On paper, yes! A normal thermocycler costs anywhere from $2,500 (on the low end) to $10,000 (with lots of fancy controls and touchscreens). The cheapest thermocycler on eBay goes for $230, but it’s from 1997. These prices are absurd because, again, thermocyclers really haven’t changed much in the last forty years. On paper, then, selling a photonic PCR for $150 should be easy.
But cheap lab hardware has been tried before, and the results are not encouraging. In 2010, a biohacker named Tito Jankowski co-founded a nonprofit called OpenPCR that aimed to build, test, and sell cheap thermocyclers. Each device cost about $250 to build (surprisingly, the aluminum blocks only cost ~$15) and sold for $500. They ended up selling about a thousand machines, and the project is now defunct.

Before Tito tried selling PCR machines, he made and shipped blue light illuminators — those lights used to visualize gels and “see DNA” after electrophoresis. These blue lights cost about $2,500 from the big companies, but Tito figured he could build one for about $10 and sell it for $100. So he did that, only to find that scientists didn’t want to buy the lights, even though they were nearly identical to the commercial options and cost ~25-times less. Scientists assumed something must be wrong with something so cheap, Tito says. When he doubled the prices, sales went up.

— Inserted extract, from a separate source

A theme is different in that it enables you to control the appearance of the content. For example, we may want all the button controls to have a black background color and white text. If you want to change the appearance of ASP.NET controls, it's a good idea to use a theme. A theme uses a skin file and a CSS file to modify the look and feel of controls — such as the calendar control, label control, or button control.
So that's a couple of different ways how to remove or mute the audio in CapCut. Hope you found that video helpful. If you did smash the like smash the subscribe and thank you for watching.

Tito thinks the same idea applies to PCR machines, or really to any lab hardware. Scientists don’t always trust cheap alternatives, even when the data shows they work just as well. There’s also a gap between scientists and engineers; scientists often worry they’ll have to troubleshoot their protocols on an unfamiliar device, or that their experiments will stop working, whereas engineers are often more open to experimenting with, or building their own, hardware.

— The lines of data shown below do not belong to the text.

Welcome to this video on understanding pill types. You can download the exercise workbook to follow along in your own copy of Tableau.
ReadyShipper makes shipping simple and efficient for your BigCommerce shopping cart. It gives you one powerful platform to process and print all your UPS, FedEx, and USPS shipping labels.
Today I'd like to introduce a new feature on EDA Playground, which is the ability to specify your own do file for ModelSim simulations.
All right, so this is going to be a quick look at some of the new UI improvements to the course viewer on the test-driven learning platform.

The problem isn’t only about price, then; there is also a switching cost! The further a new tool strays from what scientists already know, the less likely they are to adopt it. Swapping Taq for Phusion has a low switching cost, because scientists can just replace one enzyme in their PCR for another, without the need to change protocols or use a different thermocycler. The time savings are also large.

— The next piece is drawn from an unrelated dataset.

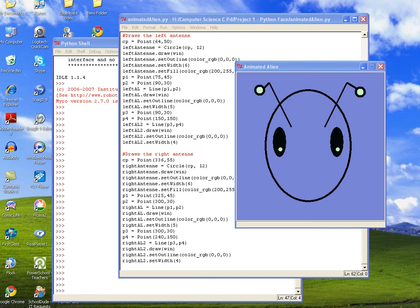Welcome everyone to part 4 of drawing an animated alien face. In this section we're going to draw the nose and the mouth and then animate it. Alright, so let's get started.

Asking labs to throw out their workflow and replace it with lasers and oil droplets, just to save 20 percent on PCR times, is probably not going to work. Some groups might adopt this, like core facilities or robotic labs that could run it and troubleshoot at scale, but the switching cost for most groups is just too high, and the advantages too small.
There is a painful irony to all this. Thermocyclers cost thousands of dollars and haven’t changed in decades, and yet cheaper and slightly faster alternatives will still struggle to spread. Once tools become common, they get entrenched and become difficult to dislodge. Anyone building open-source or low-cost lab hardware should keep this in mind.